Would you return each entry exactly as written, omitting any pictures?

[Opening RAW DATA section]

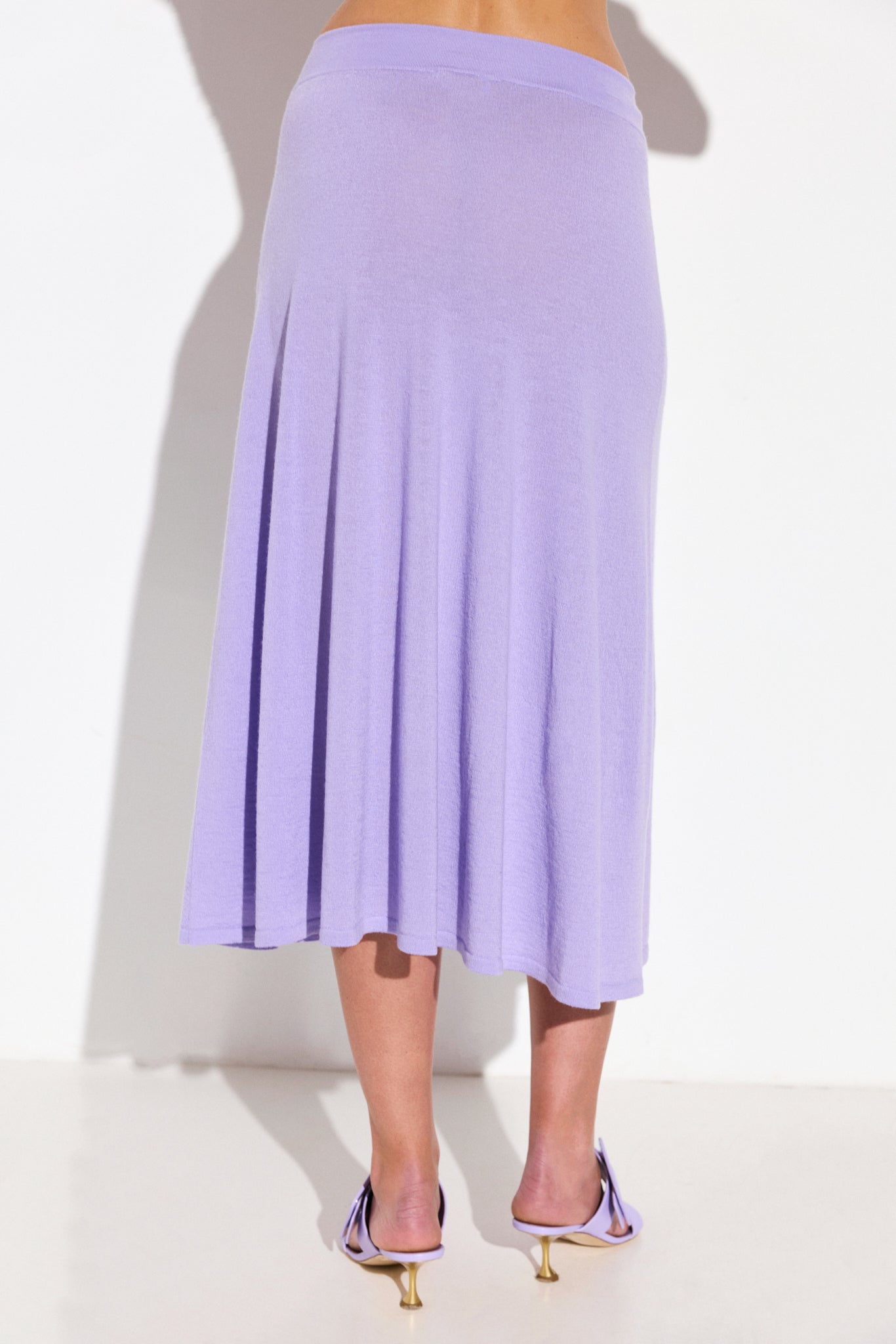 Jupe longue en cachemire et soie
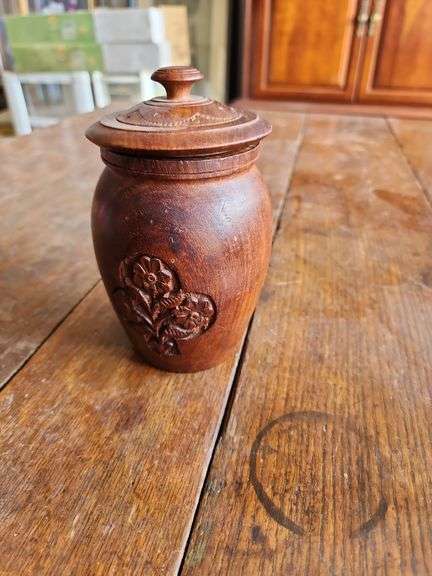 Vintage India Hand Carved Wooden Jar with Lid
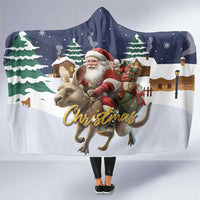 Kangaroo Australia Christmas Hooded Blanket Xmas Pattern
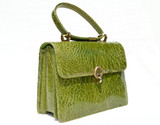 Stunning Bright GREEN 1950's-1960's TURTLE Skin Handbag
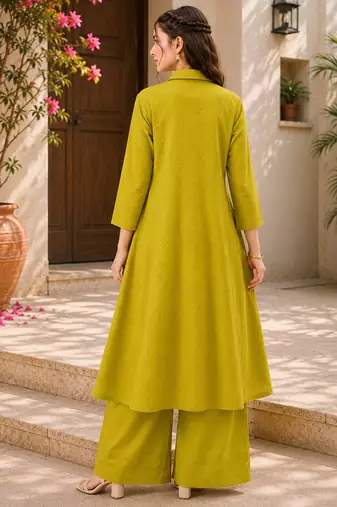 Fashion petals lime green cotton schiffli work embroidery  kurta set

[Closing RAW DATA section]

#### [ANSWER FOR THE TASK]
 Jupe longue en cachemire et soie
 Vintage India Hand Carved Wooden Jar with Lid
 Kangaroo Australia Christmas Hooded Blanket Xmas Pattern
 Stunning Bright GREEN 1950's-1960's TURTLE Skin Handbag
 Fashion petals lime green cotton schiffli work embroidery  kurta set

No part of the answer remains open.